The most efficient particle accelerator in the world
In the laser-plasma accelerator setup, the BELLA (Berkeley Lab Laser Accelerator) was used to fire petawatt pulses (a million billion watts) onto a charged-particle gas called plasma to get the particles up to speed. When the laser pulse ripples through the plasma, it creates a channel in its path followed by waves that trap the free electrons and accelerate them to high energies, akin to how a surfer skims down the face of a wave to gain momentum. Thus, through the nine-centimeter-long plasma tube electrons were accelerated to a speed equivalent to 4.25 giga-electron volts. Considering the short distance, this means an energy gradient 1000 times greater than traditional particle accelerators and marks a world record energy for laser-plasma accelerators.

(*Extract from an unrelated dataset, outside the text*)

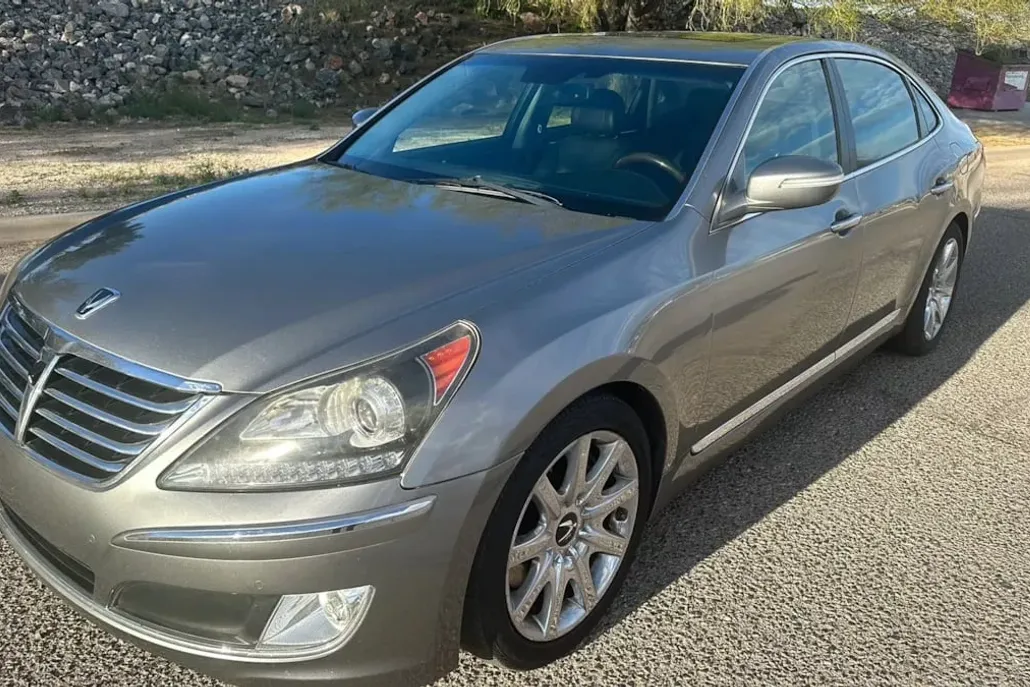 2013 Hyundai Equus Ultimate photo 1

“This result requires exquisite control over the laser and the plasma,” says Dr. Wim Leemans, director of the Accelerator Technology and Applied Physics Division at Berkeley Lab and lead author on the paper. The results appear in the most recent issue of Physical Review Letters.

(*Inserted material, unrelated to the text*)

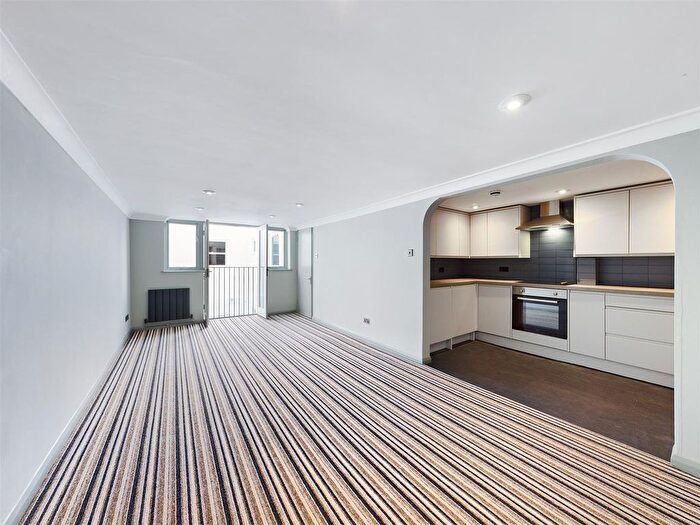 1 Bedroom Flat To Rent In Lower Rock Gardens, Brighton, East Sussex, BN2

Particle accelerators transfer energy so that protons, electrons or positrons (anti-electron) can reach high energies. When these particles are collided at these tremendous speeds, funny things start to happen. If billions of collisions are made, chances have it that all sorts of elementary particles, some lasting only a fraction of a second, can be seen. This is how the famed Higgs boson was confirmed at CERN only a few years ago. In a way, a high-energy particle accelerator like the LHC at CERN is a time machine, because it replicates conditions similar to those in place mere moments following the Big Bang.
Because of the tremendous energies involved, Leemans and colleagues first made a computer simulation using gear available at the National Energy Research Scientific Computing Center (NERSC) to test the setup before any shots were fired. This way, the researchers selected the optimal region of operation and the best way to control the accelerator. BELLA’s pin-point accuracy sure helped, too.
“We’re forcing this laser beam into a 500 micron hole about 14 meters away, “ Leemans says. “The BELLA laser beam has sufficiently high pointing stability to allow us to use it.” Moreover, Leemans says, the laser pulse, which fires once a second, is stable to within a fraction of a percent. “With a lot of lasers, this never could have happened,” he adds.
The plan is to accelerate electrons to even greater energies, with a near-future goal set to 10 giga-electron volts. Tweaking the plasma channel’s density through which the laser light flows is the first obvious step – they need to make the channel’s shape just in the right way to handle more-energetic electrons.